Is the United States in the midst of a coup?
Britannica defines a coup as “the sudden, violent overthrow of an existing government by a small group,” differing from a revolution in that it happens quickly and doesn’t depend on large numbers of people. Instead, it requires only “a change in power from the top that merely results in the abrupt replacement of leading government personnel.”
One might question whether or not what’s going on is violent. Certainly it’s violent in a way to those who are fearful of President 45—blacks, single women, Muslims and other non-Christians, battered and abused women and children, the hungry, the poor, the sick, the elderly, non-heterosexuals…………..

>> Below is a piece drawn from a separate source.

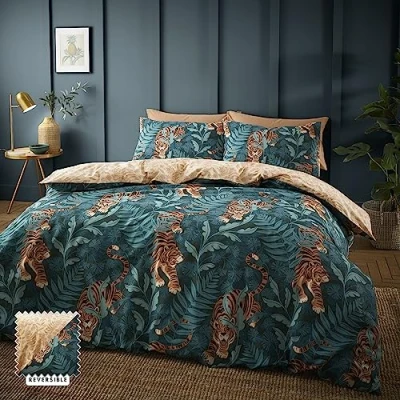Image de Catherine Lansfield Tropic Tiger Leaf Parure de lit réversible avec Housse Couette et taies d&#039;oreiller Vert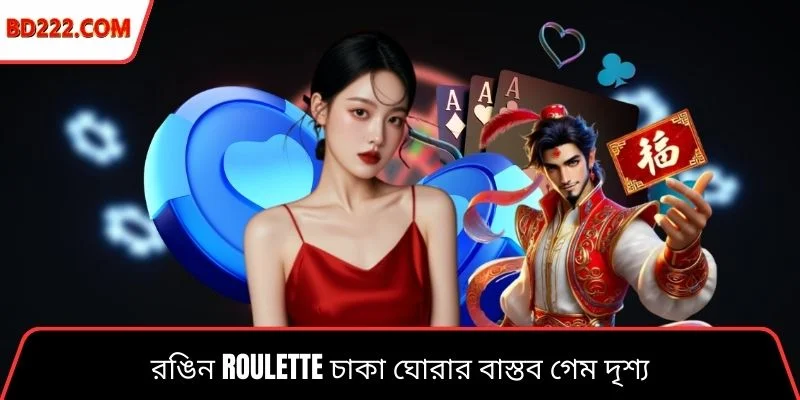রঙিন Roulette চাকা ঘোরার বাস্তব গেম দৃশ্য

A presidential election, especially one where there is a change in parties, and where the party of the new administration is the same as the party which controls Congress, the Senate, and the Supreme Court, certain provides a good time for a coup that probably wouldn’t be recognized by a great super majority of anyone in the world except for dictators and kings of other countries, and possibly their citizens.
The United States had a constitutional crisis in 1973-74 with President Richard Nixon, the most recent, perhaps only, attempt in the United States to create a dictatorship or kingship. Jonathan Aitken says in “Nixon: A Life” that of he and his brothers—Harold, Donald, Arthur, and Edward—four of them were named after kings who had ruled in historical or legendary England. It’s well known that President 45 likes kings and dictators.
I was a mere child of 19 in 1974. The crisis resolved itself because of the unique type of republican democracy that is the United States. With its three separate but equal branches of government, its reliance on the rule of law, the fact that Democrats had a 56-42-1-1 majority in the Senate and a 241-192-2 majority in Congress, and the fact that the Supreme Court had ruled 8-0 against Nixon in United States v. Nixon, Nixon resigned on August 9, 1974, rather than be impeached.
In a motion to quash the Watergate subpoena earlier in 1974, Nixon’s attorney, James D. St. Clair, stated to Judge John Sirica of the U.S. District Court for the District of Columbia, “The President wants me to argue that he is as powerful a monarch as Louis XIV, only four years at a time, and is not subject to the processes of any court in the land except the court of impeachment.” Wow. Nixon did have an ego.
What do you do, though, when the President 45 has an even bigger ego and his Republican party cohorts are in the majority in the Congress and the Senate, and the Supreme Court is at an impasse with a 4-4 split and with President 45 probably nominating a new justice to the Supreme Court as early as tomorrow?
This is history folks, happening right before our eyes. It might not end well for the United States as we have come to know it.